• _TASK INSTRUCTIONS_:
Given the records below, the lines starting at the line with "Котик у добрі руки" and ending at the line with "Hyères (83) : La" should be output exactly, both end lines kept and pictures left out.

• _SUPPLIED INFORMATION_:
:::::

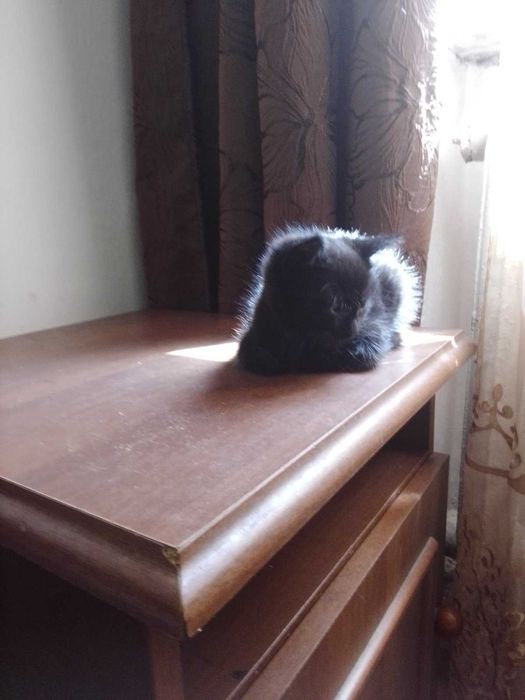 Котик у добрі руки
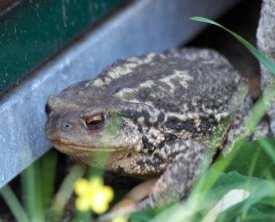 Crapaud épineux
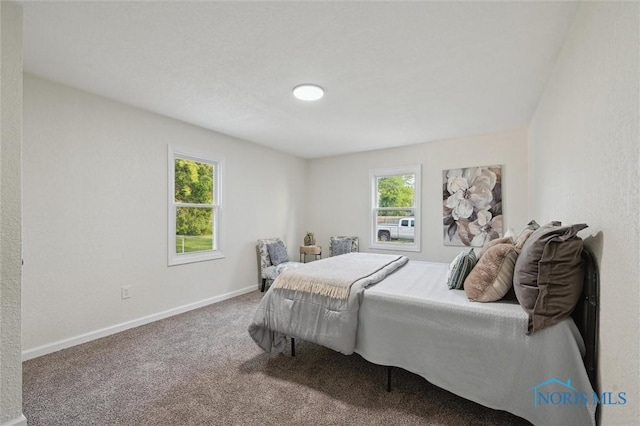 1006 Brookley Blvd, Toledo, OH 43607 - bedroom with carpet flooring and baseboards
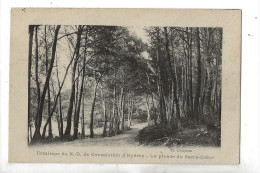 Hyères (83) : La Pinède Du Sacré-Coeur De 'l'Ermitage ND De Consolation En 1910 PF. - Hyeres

:::::

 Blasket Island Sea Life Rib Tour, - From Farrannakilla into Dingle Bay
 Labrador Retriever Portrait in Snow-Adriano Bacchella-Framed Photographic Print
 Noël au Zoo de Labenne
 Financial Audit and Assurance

:::::

• _EXERCISE RESPONSE_:
 Котик у добрі руки
 Crapaud épineux
 1006 Brookley Blvd, Toledo, OH 43607 - bedroom with carpet flooring and baseboards
 Hyères (83) : La Pinède Du Sacré-Coeur De 'l'Ermitage ND De Consolation En 1910 PF. - Hyeres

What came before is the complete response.